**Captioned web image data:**
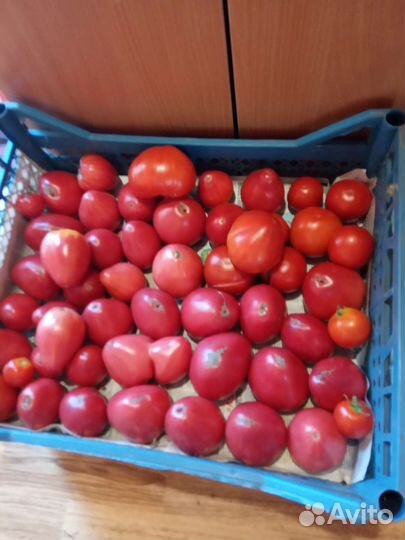 Помидоры из теплицы с дачи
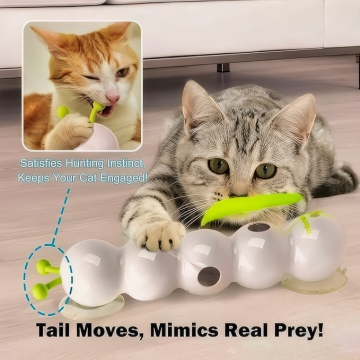 Dooee Toy Wack A Worm Post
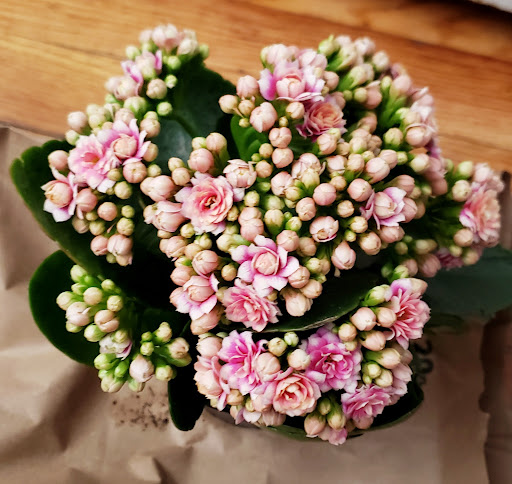 Florist «AB Garden Center & Florist Inc», reviews and photos, 162-24 Northern Blvd, Flushing, NY 11358, USA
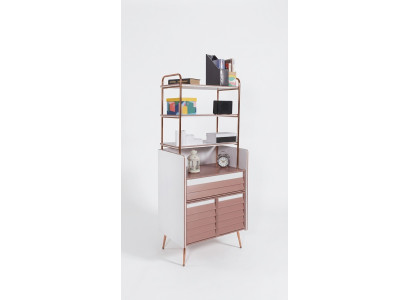 Étagère Polyvalent pour Livres, Armoire pour Chambre de Jeune, Meuble en Bois avec Étagères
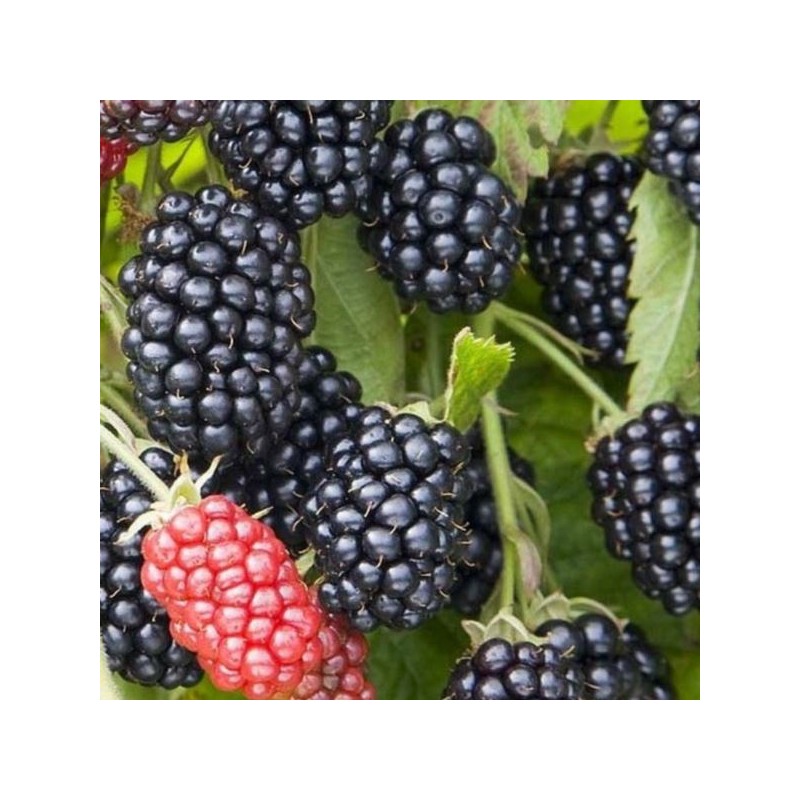 Rubus fruticosus 'Chester'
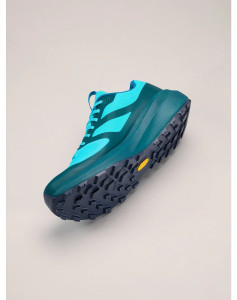 Кросівки ARC'TERYX Norvan LD 3 GTX Shoe Blue Tetra/Pytheas X000006998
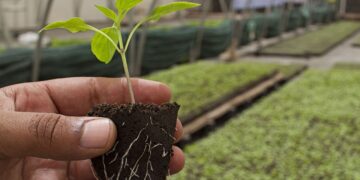 Especialistas urgen a reconvertir la agricultura en México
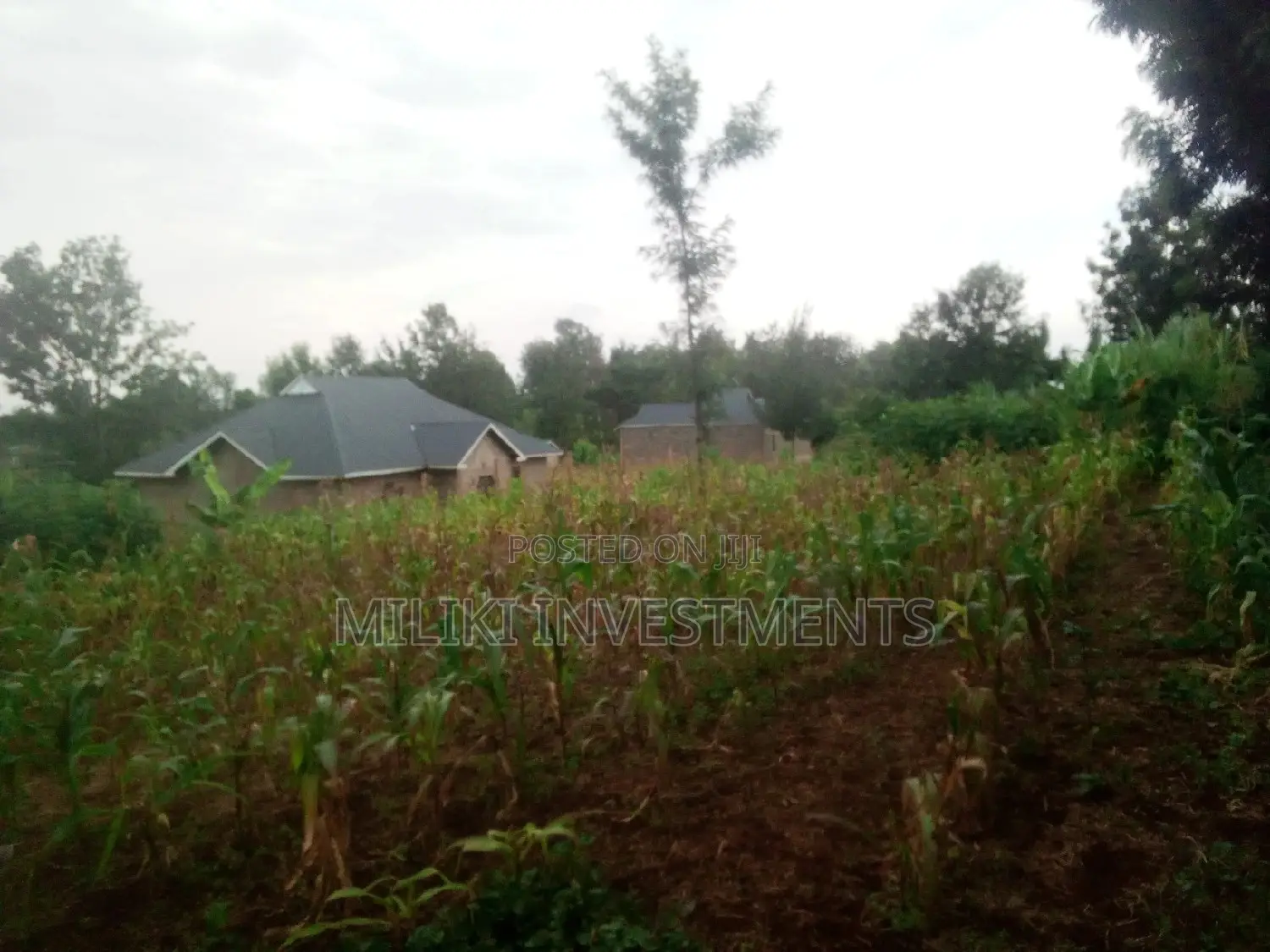 Methi's Half-Acre Land for Purchase in Kimorori/Wempa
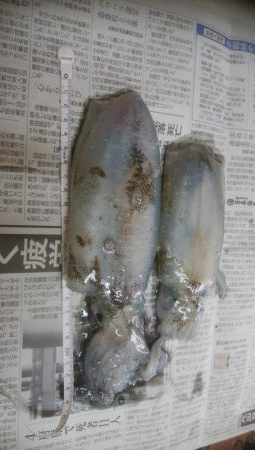 アオリイカ2杯 胴長16センチ!!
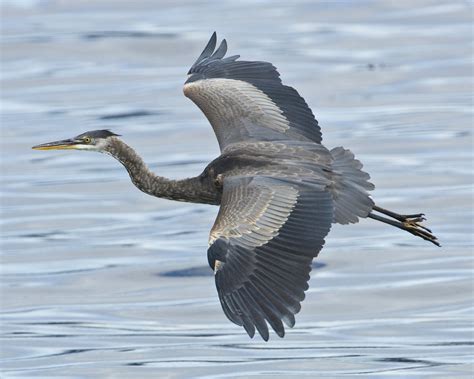 Great Blue Heron In Flight A Photo On Flickriver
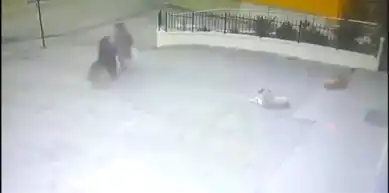 Ankara'da Yaşlı Kadına Köpek Saldırısı!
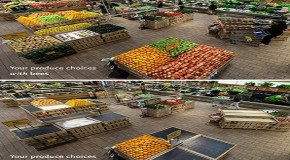 This Is What Your Grocery Store Would Look Like Without Bees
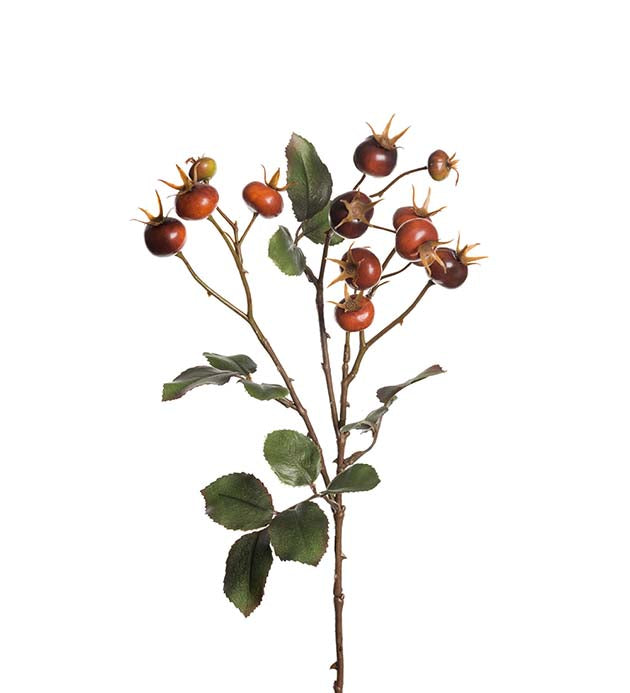 Nypekvist 65 cm – oransje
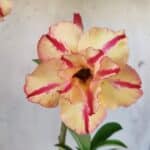 ENXERTO 11868 – 30cm (cor LM 694)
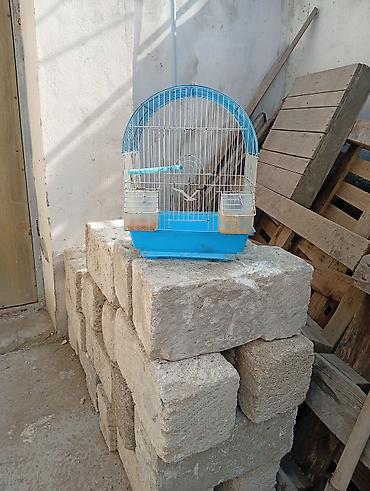 bulbul qəfəsi: Quş qəfəsi satılır. Metal telli konstruksiyaya malik, üst hissəsi tağ — 2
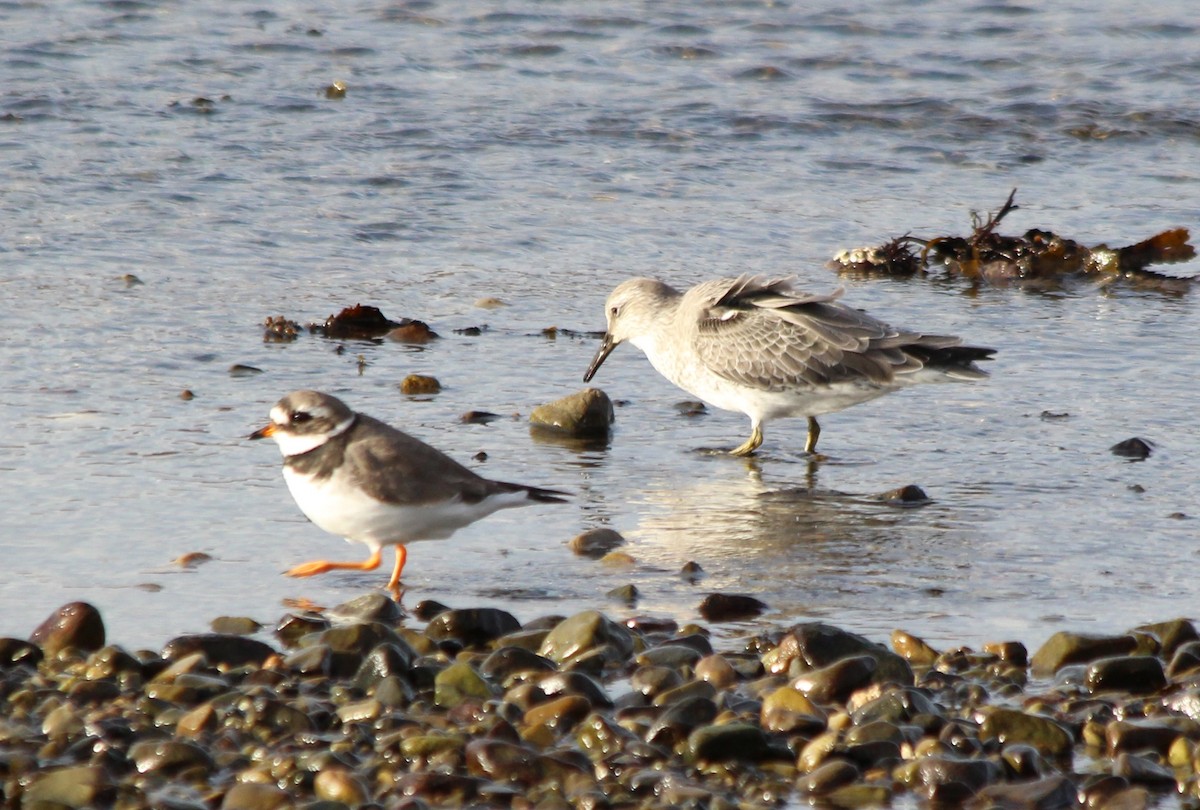 Red Knot - ML122556011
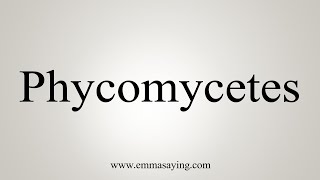 How To Say Phycomycetes [upl. by Meilen]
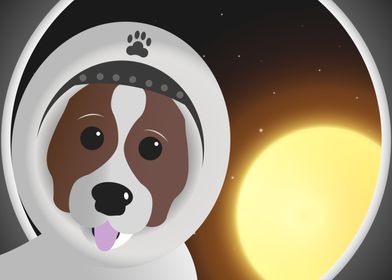 The space dog selfie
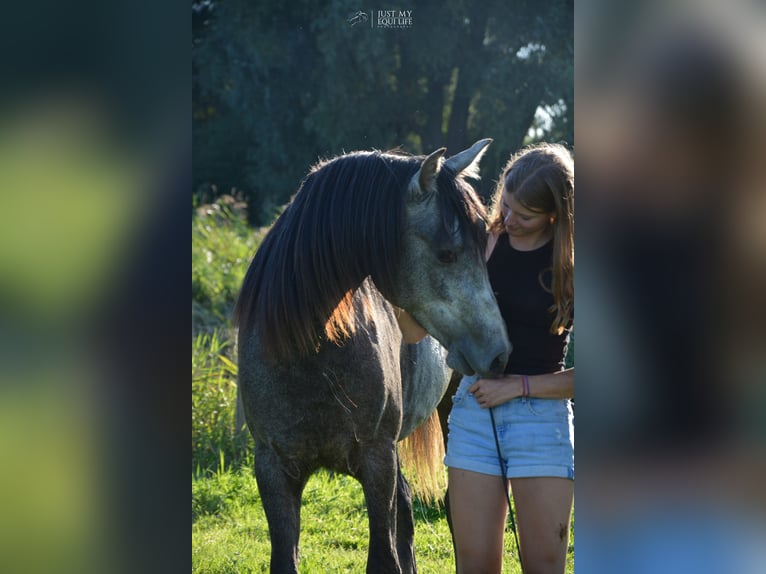 Andalusian Gelding 4 years 14,2 hh Grey-Blue-Tan in Nederhorst den Berg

**What you have to do:** Copy only these lines from the records above, exactly: the one with "NY 11358, USA", the one with "The space dog selfie", and those between. Skip the pictures.

**Task output:**
 Florist «AB Garden Center & Florist Inc», reviews and photos, 162-24 Northern Blvd, Flushing, NY 11358, USA
 Étagère Polyvalent pour Livres, Armoire pour Chambre de Jeune, Meuble en Bois avec Étagères
 Rubus fruticosus 'Chester'
 Кросівки ARC'TERYX Norvan LD 3 GTX Shoe Blue Tetra/Pytheas X000006998
 Especialistas urgen a reconvertir la agricultura en México
 Methi's Half-Acre Land for Purchase in Kimorori/Wempa
 アオリイカ2杯 胴長16センチ!!
 Great Blue Heron In Flight A Photo On Flickriver
 Ankara'da Yaşlı Kadına Köpek Saldırısı!
 This Is What Your Grocery Store Would Look Like Without Bees
 Nypekvist 65 cm – oransje
 ENXERTO 11868 – 30cm (cor LM 694)
 bulbul qəfəsi: Quş qəfəsi satılır. Metal telli konstruksiyaya malik, üst hissəsi tağ — 2
 Red Knot - ML122556011
 How To Say Phycomycetes [upl. by Meilen]
 The space dog selfie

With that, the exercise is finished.